FuzzyDict

Fast Fuzzy String matching dictionary. Based on Simple and Efficient Algorithm for Approximate Dictionary Matching by Naoaki Okazaki and Jun’ichi Tsujii [1].

Usage

    val fuzzyHash = FuzzyMap(List( ("Barack Obama", "ID1"),
                                   ("Barack O", "ID2"),
                                   ("Barack", "ID3"),
                                    ("Washington", "ID4")))

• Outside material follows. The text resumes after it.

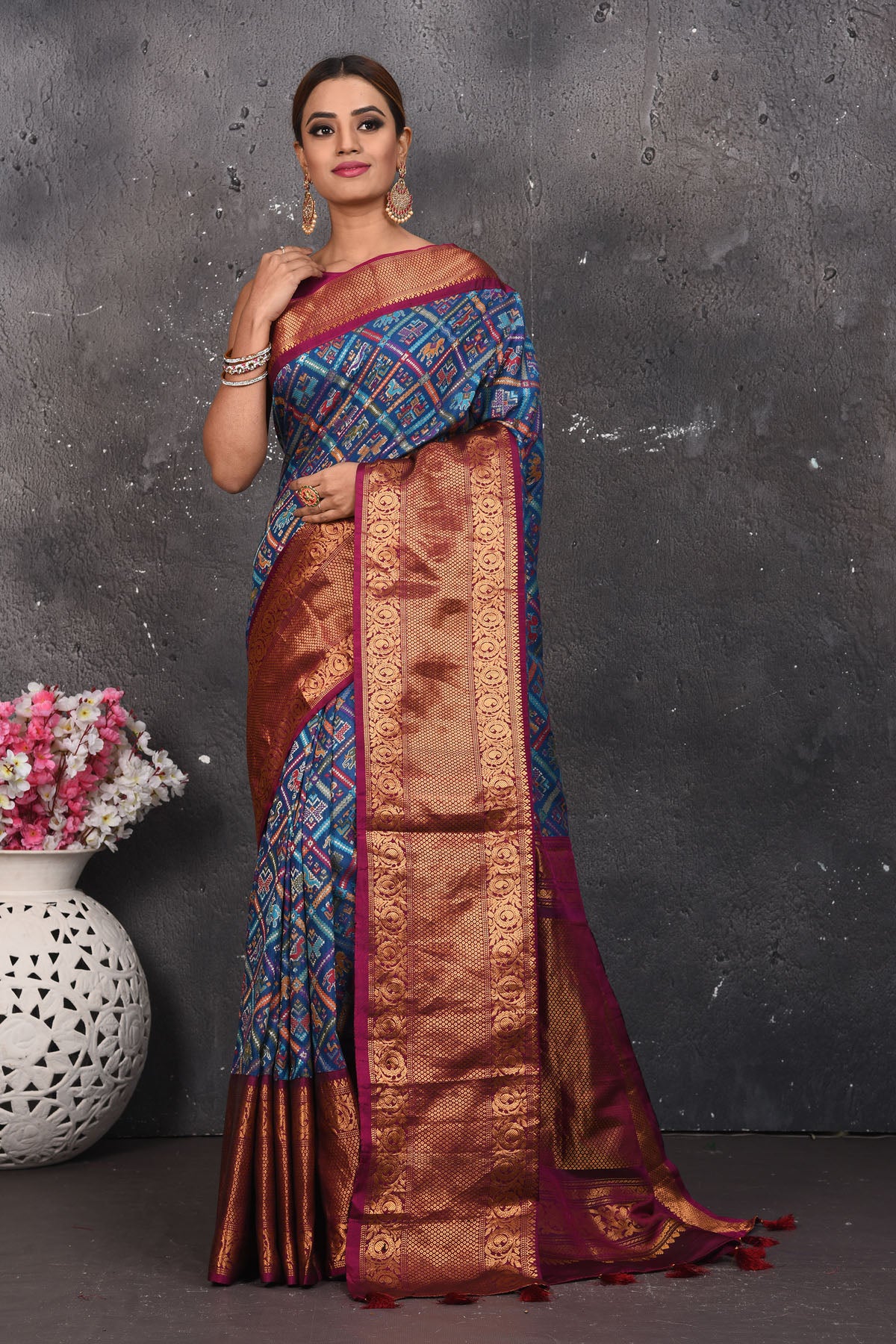 Buy this royal banarasi silk saree with pashmina weaving adorned with antique zari work online in USA which has crafted by skilled weaver of Banaras with elegance and grace, this saree is definitely the epitome of beauty and a must have in your collection. Buy designer handwoven banarasi pashmina sari with any blouse from Pure Elegance Indian saree store in USA.- Full view.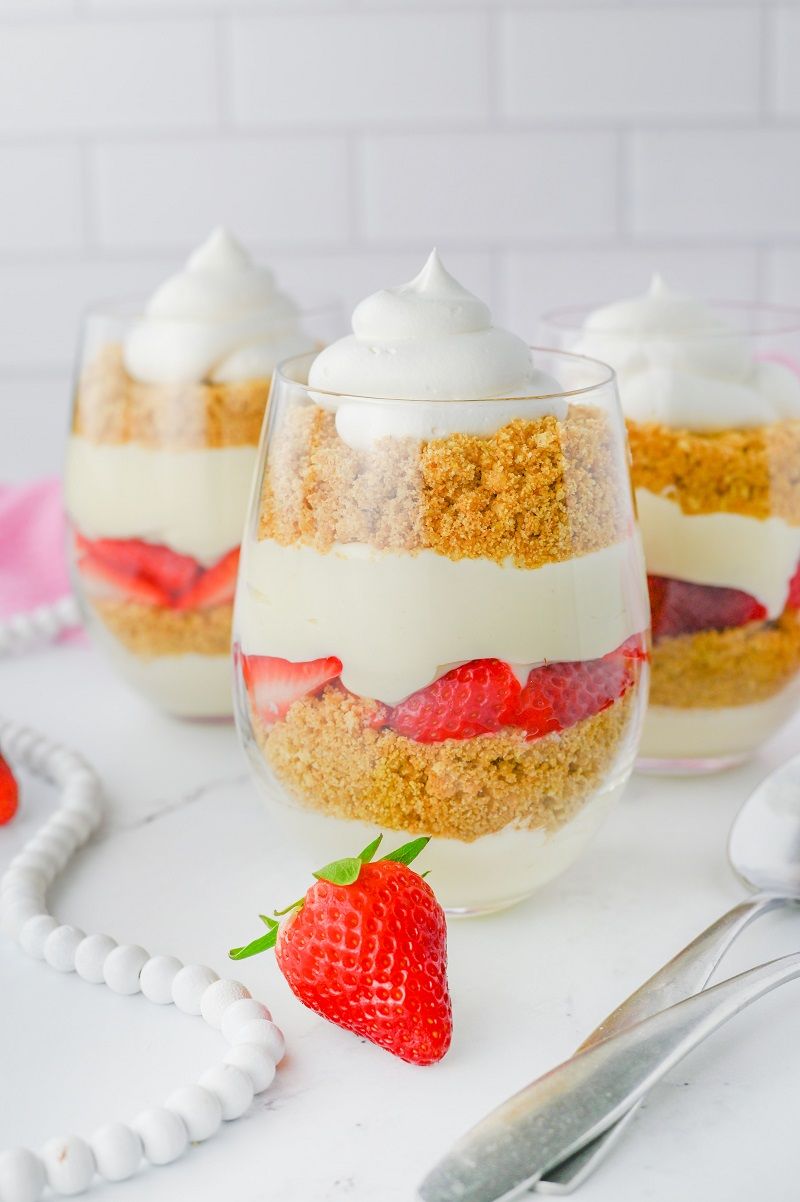 Strawberry Cheesecake Cups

    fuzzyHash.get("Barack", 1.0, Cosine)
    // Some(List("ID3"))
    
    fuzzyHash.get("Barack", 0.5, Cosine)
    // Some(List("ID3", "ID2", "ID1"))

    fuzzyHash.getMatches("Barack", 0.5, Cosine)
    // Some(List(("Barack", "ID3"), ("Barack O", "ID2"), ("Barack Obama", "ID1")))
  • Fuzzy Matches:
    • Cosine
    • Dice (soon)
    • Jaccard (soon)

When to Use?

Finding fuzzy matches among the items in the hash is very fast. This is useful in scenarios when you have a massive number of Strings which you want to constantly query using Fuzzy Search.

[1] http://www.aclweb.org/anthology/C10-1096